Angle has a well-deserved reputation as being one of wrestling’s most durable performers. His list of injuries includes two broken necks, threw operations on each knee, several concussions, deafness in his left ear, a dislocated shoulder and torn ankle ligaments.

– Kevin Nash will return the second week in December to Dr. Hae-Dong Jho’s office in Pittsburgh after having surgery there in late October. Nash is said to be healing well, and the surgery was deemed a success.

– Gail Kim suffered a broken collarbone against Trish Stratus Monday night in a match that is scheduled to air tonight on Sunday Night Heat. She is expected to be out of action four to six weeks.

– WWE announced last week that it won’t renew the contract of Goldust (Dustin Runnels) when it expires in January.

– Wonder if Vince McMahon’s heard about this one?

Russ Clear, an ex-convict and current member of The Power Team, recently told a reporter how his born-again faith led him to abandon a $1.5 million contract from WWE so he could work with The Power Team. “You can’t serve two masters,” he told a Harrisburg, Pa., newspaper.

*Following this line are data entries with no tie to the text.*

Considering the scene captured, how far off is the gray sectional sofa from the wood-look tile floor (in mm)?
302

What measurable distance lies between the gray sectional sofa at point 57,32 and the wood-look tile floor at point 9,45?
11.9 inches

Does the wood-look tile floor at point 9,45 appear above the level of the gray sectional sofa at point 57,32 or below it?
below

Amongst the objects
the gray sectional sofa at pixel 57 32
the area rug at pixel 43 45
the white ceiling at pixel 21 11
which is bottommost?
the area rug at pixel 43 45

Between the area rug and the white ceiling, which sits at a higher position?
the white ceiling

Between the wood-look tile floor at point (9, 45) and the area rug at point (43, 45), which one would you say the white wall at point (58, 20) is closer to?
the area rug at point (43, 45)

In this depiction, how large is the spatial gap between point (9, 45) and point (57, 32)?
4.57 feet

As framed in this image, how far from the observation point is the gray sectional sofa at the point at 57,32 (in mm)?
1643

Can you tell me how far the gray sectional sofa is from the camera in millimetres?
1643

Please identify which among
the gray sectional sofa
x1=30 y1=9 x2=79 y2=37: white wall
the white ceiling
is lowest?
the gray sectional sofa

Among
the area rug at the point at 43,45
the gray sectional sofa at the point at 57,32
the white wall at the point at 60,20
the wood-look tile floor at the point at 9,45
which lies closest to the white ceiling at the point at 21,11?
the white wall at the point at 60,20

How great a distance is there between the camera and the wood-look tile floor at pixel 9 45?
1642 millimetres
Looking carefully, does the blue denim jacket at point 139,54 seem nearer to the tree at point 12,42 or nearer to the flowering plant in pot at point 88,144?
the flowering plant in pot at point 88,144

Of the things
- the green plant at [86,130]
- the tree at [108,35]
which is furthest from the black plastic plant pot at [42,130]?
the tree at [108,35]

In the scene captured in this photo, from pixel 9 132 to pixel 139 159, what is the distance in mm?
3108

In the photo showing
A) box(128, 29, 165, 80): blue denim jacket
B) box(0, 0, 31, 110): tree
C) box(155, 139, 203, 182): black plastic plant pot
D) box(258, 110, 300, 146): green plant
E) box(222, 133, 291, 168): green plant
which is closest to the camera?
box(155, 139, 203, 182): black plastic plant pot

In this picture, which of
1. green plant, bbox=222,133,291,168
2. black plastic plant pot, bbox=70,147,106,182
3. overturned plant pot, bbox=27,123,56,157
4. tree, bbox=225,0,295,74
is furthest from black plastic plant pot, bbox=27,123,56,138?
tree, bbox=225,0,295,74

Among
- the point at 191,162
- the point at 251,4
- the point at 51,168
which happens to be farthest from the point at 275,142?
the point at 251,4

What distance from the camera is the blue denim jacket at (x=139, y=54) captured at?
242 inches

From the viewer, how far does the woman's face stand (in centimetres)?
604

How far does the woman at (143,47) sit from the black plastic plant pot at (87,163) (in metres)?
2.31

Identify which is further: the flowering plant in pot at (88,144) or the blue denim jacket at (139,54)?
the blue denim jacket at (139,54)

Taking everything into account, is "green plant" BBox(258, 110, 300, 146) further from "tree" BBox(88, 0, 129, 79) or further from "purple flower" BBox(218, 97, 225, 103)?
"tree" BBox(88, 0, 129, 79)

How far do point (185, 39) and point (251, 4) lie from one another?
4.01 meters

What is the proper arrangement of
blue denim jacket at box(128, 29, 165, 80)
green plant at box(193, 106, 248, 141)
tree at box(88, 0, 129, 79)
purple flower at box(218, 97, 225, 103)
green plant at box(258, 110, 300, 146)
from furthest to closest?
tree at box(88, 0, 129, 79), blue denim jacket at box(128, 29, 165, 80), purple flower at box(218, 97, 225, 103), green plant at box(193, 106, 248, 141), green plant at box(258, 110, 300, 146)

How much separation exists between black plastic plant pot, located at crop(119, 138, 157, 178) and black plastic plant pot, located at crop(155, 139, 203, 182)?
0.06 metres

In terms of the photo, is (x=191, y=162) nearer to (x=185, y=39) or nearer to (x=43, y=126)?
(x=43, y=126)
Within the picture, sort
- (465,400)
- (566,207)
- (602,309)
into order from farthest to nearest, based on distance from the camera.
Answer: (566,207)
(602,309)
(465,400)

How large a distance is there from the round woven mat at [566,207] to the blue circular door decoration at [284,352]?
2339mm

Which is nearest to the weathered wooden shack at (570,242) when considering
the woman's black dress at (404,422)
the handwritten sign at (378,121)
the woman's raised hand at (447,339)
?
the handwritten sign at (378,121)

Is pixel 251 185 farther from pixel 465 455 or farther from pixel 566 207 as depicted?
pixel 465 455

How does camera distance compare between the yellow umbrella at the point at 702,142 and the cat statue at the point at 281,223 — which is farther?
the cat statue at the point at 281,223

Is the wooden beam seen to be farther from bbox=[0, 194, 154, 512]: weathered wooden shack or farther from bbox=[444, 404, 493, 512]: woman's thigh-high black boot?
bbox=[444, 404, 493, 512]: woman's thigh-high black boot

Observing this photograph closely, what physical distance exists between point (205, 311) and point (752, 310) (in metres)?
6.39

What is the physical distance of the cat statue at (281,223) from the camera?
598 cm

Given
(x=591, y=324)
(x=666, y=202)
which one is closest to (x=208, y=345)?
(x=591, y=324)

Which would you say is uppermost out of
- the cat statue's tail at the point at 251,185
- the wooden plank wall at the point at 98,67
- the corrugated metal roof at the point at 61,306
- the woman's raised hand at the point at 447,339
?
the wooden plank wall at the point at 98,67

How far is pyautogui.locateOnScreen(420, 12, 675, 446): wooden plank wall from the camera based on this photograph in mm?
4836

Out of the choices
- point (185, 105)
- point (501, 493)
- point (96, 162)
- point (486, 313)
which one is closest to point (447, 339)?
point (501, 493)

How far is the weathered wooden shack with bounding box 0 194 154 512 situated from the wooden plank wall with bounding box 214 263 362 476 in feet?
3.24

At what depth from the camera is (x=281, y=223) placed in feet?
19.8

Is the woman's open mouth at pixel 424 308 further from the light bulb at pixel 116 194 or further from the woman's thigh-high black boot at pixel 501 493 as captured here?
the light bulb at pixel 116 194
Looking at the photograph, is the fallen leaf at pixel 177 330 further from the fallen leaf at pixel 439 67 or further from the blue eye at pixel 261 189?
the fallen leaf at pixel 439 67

The Power Team, a Texas-based group of bulked-up motivational speakers who wow audiences by ripping telephone books in half, smashing stacks of bricks and snapping baseball bats like twigs, spoke last week at several schools in the Harrisburg area.

– WWE has reported third-quarter profits of $17.1 million. The number represents a significant increase over last year’s net loss of $1.6 million.

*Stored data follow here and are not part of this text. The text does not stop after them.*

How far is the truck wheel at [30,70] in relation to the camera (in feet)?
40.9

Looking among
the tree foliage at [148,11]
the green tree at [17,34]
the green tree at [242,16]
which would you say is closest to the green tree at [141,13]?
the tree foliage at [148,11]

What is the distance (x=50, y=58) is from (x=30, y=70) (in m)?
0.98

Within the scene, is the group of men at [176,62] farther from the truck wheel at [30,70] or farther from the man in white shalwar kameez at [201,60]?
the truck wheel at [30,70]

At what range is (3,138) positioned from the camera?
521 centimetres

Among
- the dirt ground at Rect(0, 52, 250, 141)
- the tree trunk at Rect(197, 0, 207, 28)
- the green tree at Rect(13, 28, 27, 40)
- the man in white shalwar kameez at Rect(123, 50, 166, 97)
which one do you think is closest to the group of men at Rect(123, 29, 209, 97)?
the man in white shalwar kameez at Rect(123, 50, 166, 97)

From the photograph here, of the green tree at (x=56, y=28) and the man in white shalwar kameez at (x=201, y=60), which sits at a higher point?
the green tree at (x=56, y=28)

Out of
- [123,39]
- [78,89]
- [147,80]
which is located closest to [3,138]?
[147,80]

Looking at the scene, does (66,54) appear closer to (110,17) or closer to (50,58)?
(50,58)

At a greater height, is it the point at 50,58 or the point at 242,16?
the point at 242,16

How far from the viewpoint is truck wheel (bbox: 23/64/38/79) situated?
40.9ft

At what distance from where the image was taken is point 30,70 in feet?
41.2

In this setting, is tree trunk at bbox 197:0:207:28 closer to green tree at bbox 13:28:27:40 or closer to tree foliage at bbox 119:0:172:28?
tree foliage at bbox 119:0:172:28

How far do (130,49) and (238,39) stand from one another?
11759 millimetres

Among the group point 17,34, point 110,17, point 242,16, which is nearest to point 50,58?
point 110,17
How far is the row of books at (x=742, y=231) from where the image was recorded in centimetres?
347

Half of the profit jump can be attributed to a lump sum won in a lawsuit in the Owen Hart harness case and an extra pay-per-view during the third quarter. There also was a significant increase of $9 million in profit because of expense cutbacks and international expansion. Ticket price hikes offset a drop in house attendance, and TV rights fees were up 18 percent due to a revised agreement with UPN and new international TV agreements.

– One of WWE’s more creative storylines of late has revolved around the romantic interaction between Chris Jericho and Trish, and between Christian and Lita. Matt Hardy’s jump to Raw gives the angle an added dimension. Hardy, the real-life beau of Lita (Amy Dumas), last week became the first performer to go back and forth between the WWE brands. Hardy said on his Web site that he was thrilled at joining Raw.

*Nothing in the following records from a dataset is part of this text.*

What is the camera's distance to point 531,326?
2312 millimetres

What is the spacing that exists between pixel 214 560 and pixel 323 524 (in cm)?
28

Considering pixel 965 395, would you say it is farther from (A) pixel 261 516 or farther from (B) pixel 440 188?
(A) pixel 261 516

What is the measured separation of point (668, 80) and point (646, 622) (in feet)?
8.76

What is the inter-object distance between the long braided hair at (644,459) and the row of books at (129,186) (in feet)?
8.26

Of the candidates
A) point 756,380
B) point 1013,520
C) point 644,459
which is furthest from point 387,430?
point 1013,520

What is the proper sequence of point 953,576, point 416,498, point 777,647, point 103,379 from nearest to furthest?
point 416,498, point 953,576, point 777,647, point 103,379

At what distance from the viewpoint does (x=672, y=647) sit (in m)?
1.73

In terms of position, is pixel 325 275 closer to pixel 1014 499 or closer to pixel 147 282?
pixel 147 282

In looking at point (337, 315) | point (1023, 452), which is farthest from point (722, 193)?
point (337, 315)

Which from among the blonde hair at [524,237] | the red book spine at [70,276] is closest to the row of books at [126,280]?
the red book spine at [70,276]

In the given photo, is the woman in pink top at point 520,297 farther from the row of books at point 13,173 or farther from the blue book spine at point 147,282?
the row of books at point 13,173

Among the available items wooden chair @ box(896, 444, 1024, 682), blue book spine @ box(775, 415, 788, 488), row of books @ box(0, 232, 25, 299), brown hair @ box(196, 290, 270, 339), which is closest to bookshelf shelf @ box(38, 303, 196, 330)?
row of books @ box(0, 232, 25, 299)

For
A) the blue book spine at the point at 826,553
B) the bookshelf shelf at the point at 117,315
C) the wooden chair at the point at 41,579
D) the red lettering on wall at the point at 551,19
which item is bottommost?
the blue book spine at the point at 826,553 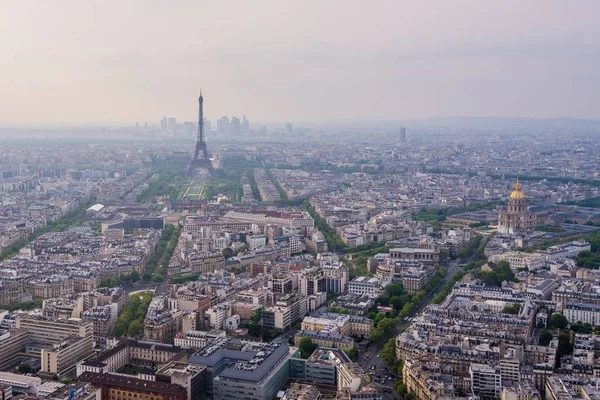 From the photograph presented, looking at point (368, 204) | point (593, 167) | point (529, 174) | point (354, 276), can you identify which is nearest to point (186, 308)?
point (354, 276)

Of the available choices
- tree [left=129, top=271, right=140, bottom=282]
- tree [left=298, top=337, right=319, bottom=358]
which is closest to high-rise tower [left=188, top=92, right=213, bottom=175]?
tree [left=129, top=271, right=140, bottom=282]

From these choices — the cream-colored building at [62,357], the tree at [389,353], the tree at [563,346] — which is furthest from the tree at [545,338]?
the cream-colored building at [62,357]

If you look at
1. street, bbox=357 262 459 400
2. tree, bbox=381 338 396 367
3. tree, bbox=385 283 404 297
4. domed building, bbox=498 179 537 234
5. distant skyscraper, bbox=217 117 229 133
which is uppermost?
distant skyscraper, bbox=217 117 229 133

“To me, nothing compares to the atmosphere of live television. There’s that ‘no safety net’ pressure, which I love – you know that every move you make will be seen, good or bad. Crowds are typically more excited because with the show being live, they know anything can happen. Whether you like it or not, Raw is the show – the most well-known and most successful wrestling show ever … Although I’ll miss a lot of good friends on the blue team, I’ve been reunited with a lot of great friends on the red side. Lastly, Matt Hardy publicly thanks Vince McMahon and company for taking care of me on a personal level. Contrary to many stories on the ‘net,’ VKM really took care for me and was happy to do so, and I appreciate it.”

Hardy also said the recent death of Crash Holly (Mike Lockwood) at the age of 32 hit closer to home than any previous deaths among the wrestling fraternity.

“Crash was a friend of mine that I had traveled with, ate with, worked with, laughed with – and he was so close to me in age. I still talked to him every few days and he had just called me two days before he died. Every time we spoke on the phone, he always greeted me by saying ‘Hi, Boss’ – from our days of working together as a unit. Crash would leave me the longest and most ridiculously funny voicemails that I’ve ever heard. I can’t believe I won’t ever hear another long message or another ‘Hi, Boss.’ I’ll never forget his big heart and his unique sense of humor – Crash was truly one of a kind. May God bless him, his daughter and his family.”

– Edge (Adam Copeland) is expected to be cleared for light in-ring work beginning Feb. 1. His full clearance is expected to come in early March.

– Billy Gunn (Kip Sopp), recovering from a shoulder injury, should be released to return to the ring Dec. 1.

– Ole Anderson, an original member of the legendary Four Horsemen, has co-written a biography titled “Inside Out: How Corporate America Destroyed Professional Wrestling.” The book will be released in early December.